Your goal:
This task calls for the lines below starting at the one containing "Rozman Vilja névjegykártya" and ending at the one containing "Mystic Moments |", repeated exactly with both ends kept and pictures left out.

Source records:
┌──

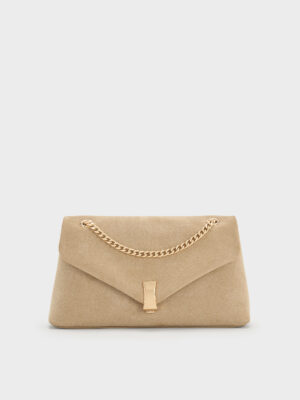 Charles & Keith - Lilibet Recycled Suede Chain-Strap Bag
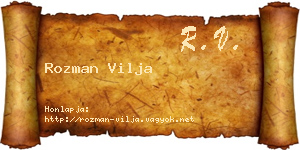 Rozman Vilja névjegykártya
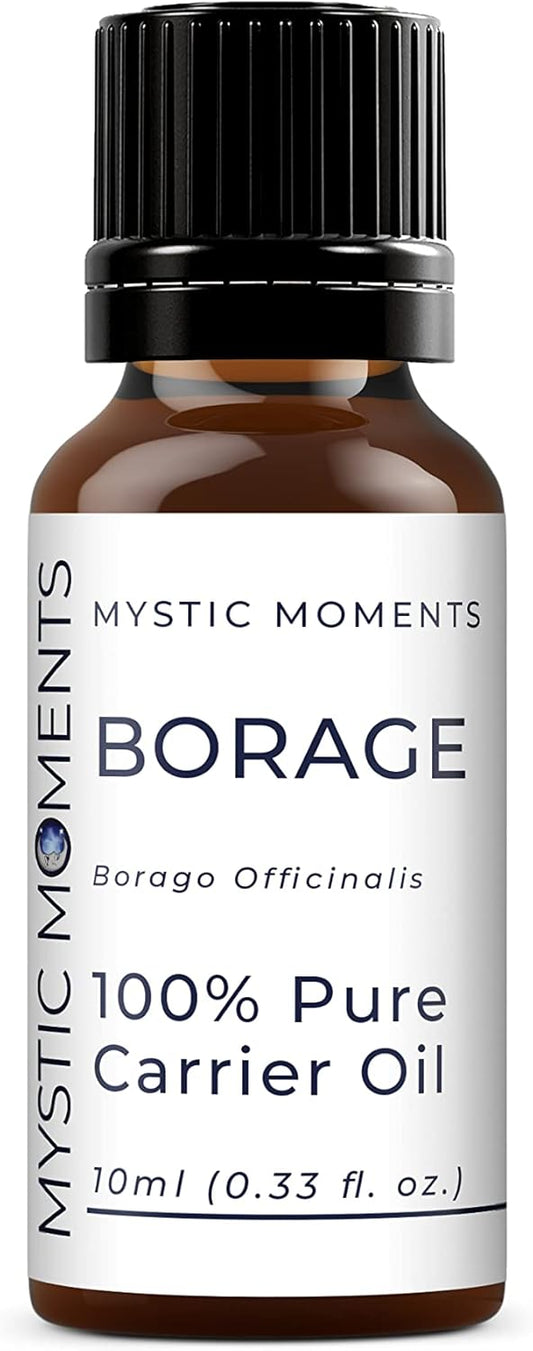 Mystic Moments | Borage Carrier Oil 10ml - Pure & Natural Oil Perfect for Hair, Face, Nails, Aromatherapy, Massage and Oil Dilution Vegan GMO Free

└──
┌──

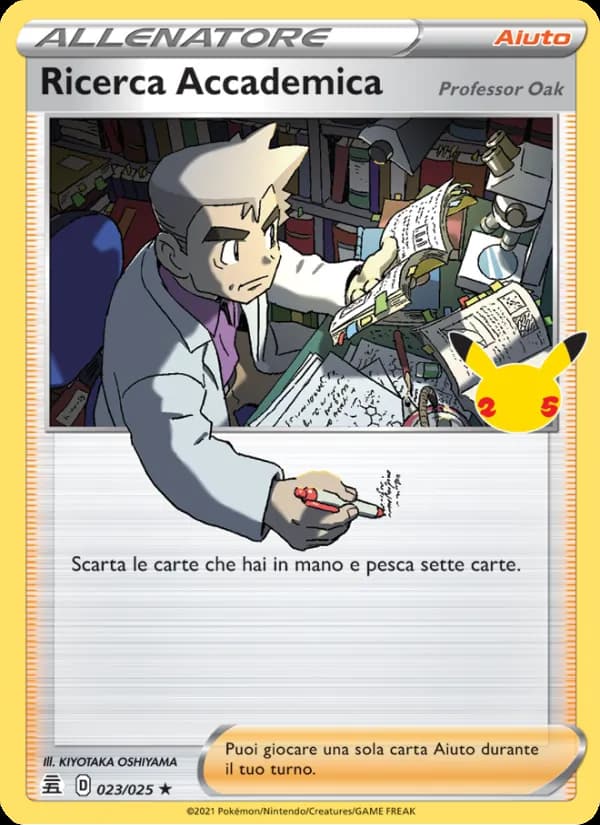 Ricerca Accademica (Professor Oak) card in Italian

└──
┌──

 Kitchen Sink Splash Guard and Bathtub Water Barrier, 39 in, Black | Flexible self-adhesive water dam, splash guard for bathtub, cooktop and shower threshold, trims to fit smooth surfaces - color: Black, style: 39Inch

└──

Output for this task:
 Rozman Vilja névjegykártya
 Mystic Moments | Borage Carrier Oil 10ml - Pure & Natural Oil Perfect for Hair, Face, Nails, Aromatherapy, Massage and Oil Dilution Vegan GMO Free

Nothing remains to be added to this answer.